It was a long time coming but Herbert Smith Freehills (HSF) has finally agreed a compromise to unite equity partner pay just over a year after the union of Herbert Smith and Australian leader Freehills.

The deal will see the two firms combine their partnerships under a ‘global managed lockstep’, a break from previous attempts to usher in more radical performance-based rewards for the combined partnership.

As Legal Business reported three weeks ago, the firm has decided to allow legacy Freehills some latitude when it comes to how they pay their partners.

Both legacy firms will use the same core ladder but the limited carve-outs will allow the legacy Freehills side to pay additional bonuses to high billers or star laterals. A statement announcing the move described this as a ‘variable, performance-related component to the system that is specific to Australia partners above a certain point in the lockstep’. There will also be a common bonus pool to reward ‘exceptional partner performance’.

The new, more merit-based system replaces Herbert Smith’s rigid lockstep, though it will run to the same range as the legacy City firm’s current system, which runs from 43 to 100 points.

CEO David Willis told Legal Business: ‘We went through a sequential consultation process and ended up with one proposal that we put to the partnership.
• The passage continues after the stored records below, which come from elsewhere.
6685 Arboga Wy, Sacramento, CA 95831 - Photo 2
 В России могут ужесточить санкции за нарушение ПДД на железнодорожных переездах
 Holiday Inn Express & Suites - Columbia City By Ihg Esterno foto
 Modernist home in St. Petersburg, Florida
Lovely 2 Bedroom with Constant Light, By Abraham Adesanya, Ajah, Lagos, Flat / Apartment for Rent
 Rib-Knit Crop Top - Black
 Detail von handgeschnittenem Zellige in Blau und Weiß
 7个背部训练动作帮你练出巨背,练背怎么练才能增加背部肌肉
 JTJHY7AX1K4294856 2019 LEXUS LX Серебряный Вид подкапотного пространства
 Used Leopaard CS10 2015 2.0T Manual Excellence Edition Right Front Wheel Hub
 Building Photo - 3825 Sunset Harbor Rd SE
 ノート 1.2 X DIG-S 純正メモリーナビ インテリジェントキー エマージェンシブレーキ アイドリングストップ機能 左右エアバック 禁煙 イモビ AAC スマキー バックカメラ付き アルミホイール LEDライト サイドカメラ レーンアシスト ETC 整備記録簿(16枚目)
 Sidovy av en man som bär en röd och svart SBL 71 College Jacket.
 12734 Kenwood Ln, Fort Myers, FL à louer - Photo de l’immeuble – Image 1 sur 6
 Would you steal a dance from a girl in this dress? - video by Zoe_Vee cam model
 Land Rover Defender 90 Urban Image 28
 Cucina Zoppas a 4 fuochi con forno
There were lots of ideas put forward during the consultation and some weren’t as popular as others.’

‘The vast majority of the remuneration system is common to both partnerships. The difference for the partners in Australia won’t affect a large number of people. The bonuses allocated annually to all partners will be modest.’

The percentage of the firm’s profit pool that will be allocated to bonuses for legacy Freehills partners is understood to be around 5%.

The firm required a 75% majority vote in each of its partnerships to get the new system through. The vote was completed last week. Partners’ performance will be assessed using a ‘balanced scorecard’ approach, the firm said.

The exceptions from lockstep will not be available to legacy Herbert Smith partners and according to the firm these measures reflect ‘the nature of partner remuneration systems in the Australian market’.

The unusual compromise was agreed after four earlier sets of proposals sent in October failed to win support. These included more radical measures, such as discretionary gates, which were unpopular with London partners. The new system comes into place at the start of the 2014 financial year.

The ratified deal has been viewed as a somewhat unwieldy compromise that was necessary to bridge the two legacy sides of the firm, which will raise questions for some over the degree of integration between the two sides. The two firms combined formally on October 2012.

Legacy Herbert Smith’s lockstep had fixed-share partners serving four years before making it onto the equity ladder, which runs from 43 to 100 points. Freehills operated a core ‘ladder’ running to 120 points, though up to another 40 points can be handed out as bonuses, which are typically given to top-performing partners and laterals. The Freehills models meant that partners can earn well over £1m, in comparison top of equity at Herbert Smith of £933,000 during the 2011/12 year, when the City law firm saw profits per equity (PEP) partner of £840,000.

The firm is also voting on its new chief executive or joint chief executives by the end of the year, as David Willis and Gavin Bell will step down in April 2014. Partners viewed as likely contenders include litigation head Sonya Leydecker, UK managing partner Ian Cox, global head of corporate Mike Ferraro and EMEA managing partner Allen Hanen.